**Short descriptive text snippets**
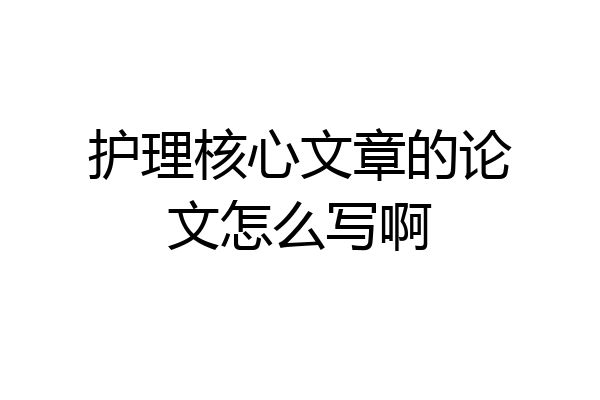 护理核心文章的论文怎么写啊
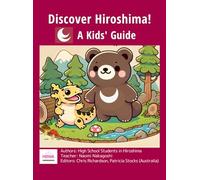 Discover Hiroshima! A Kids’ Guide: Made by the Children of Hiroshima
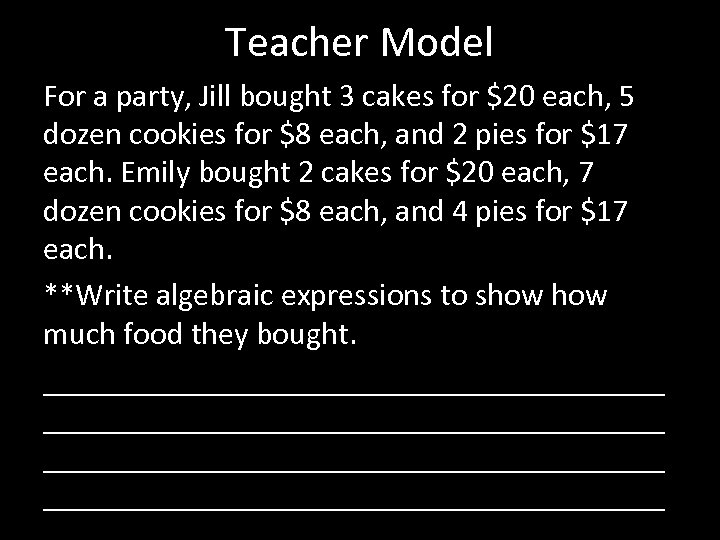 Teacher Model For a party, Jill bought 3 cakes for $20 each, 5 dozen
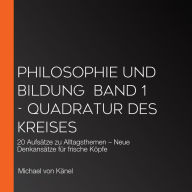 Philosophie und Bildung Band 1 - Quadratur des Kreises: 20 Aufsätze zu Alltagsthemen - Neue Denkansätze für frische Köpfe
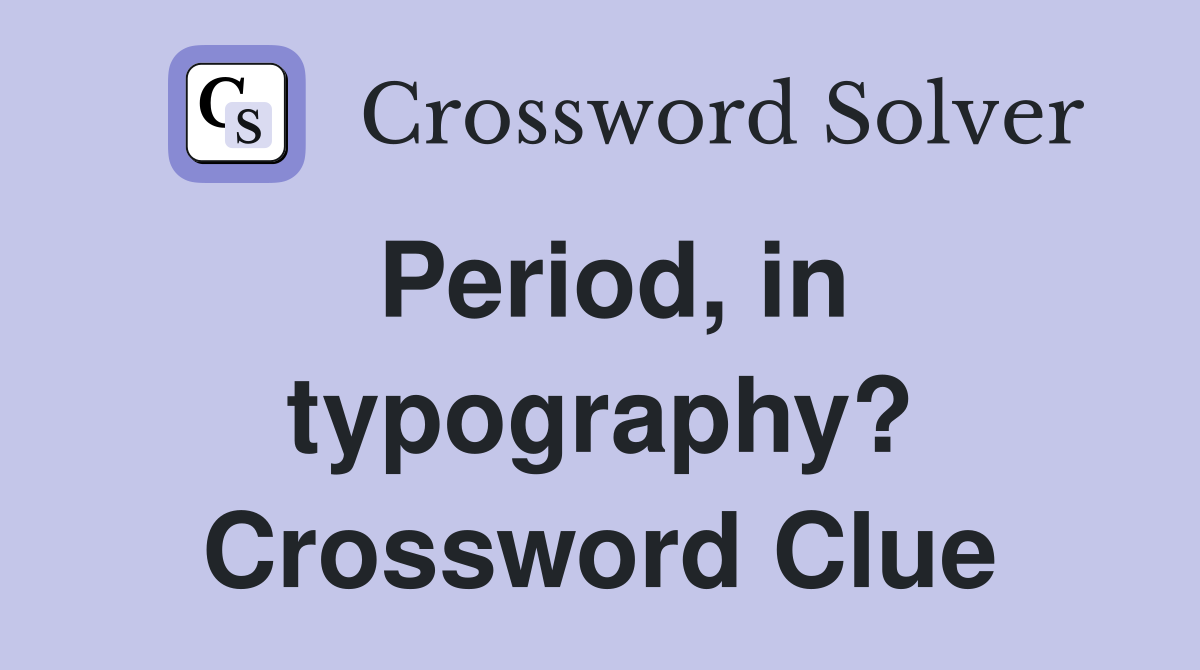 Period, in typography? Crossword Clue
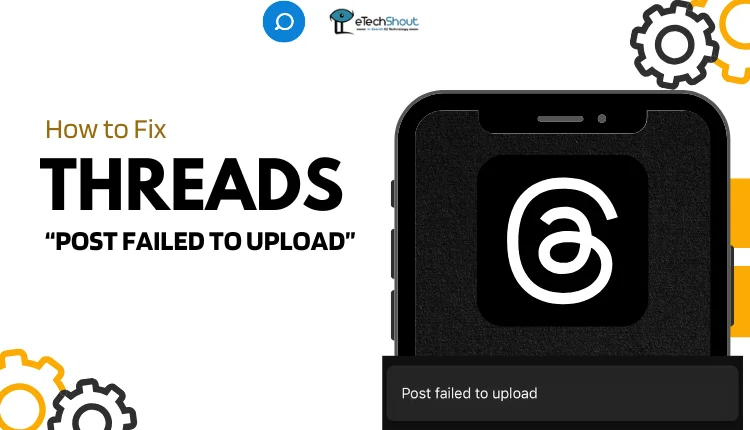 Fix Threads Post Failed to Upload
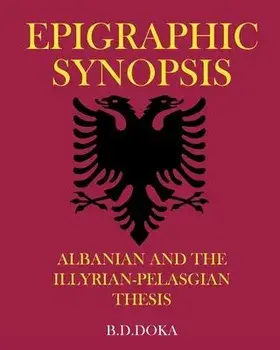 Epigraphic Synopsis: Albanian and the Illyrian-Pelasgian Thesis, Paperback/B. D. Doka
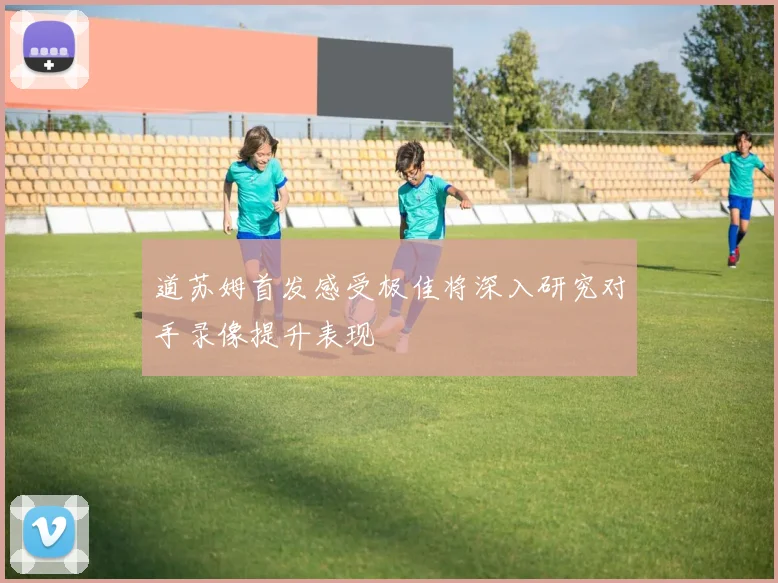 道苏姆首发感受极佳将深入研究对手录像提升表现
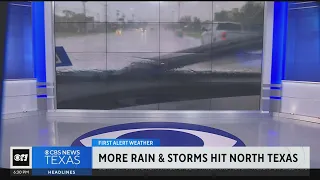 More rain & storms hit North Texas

**What is needed**
For this exercise, transcribe the data above line by line, exactly, with pictures omitted.

**Output below**
 护理核心文章的论文怎么写啊
 Discover Hiroshima! A Kids’ Guide: Made by the Children of Hiroshima
 Teacher Model For a party, Jill bought 3 cakes for $20 each, 5 dozen
 Philosophie und Bildung Band 1 - Quadratur des Kreises: 20 Aufsätze zu Alltagsthemen - Neue Denkansätze für frische Köpfe
 Period, in typography? Crossword Clue
 Fix Threads Post Failed to Upload
 Epigraphic Synopsis: Albanian and the Illyrian-Pelasgian Thesis, Paperback/B. D. Doka
 道苏姆首发感受极佳将深入研究对手录像提升表现
 More rain & storms hit North Texas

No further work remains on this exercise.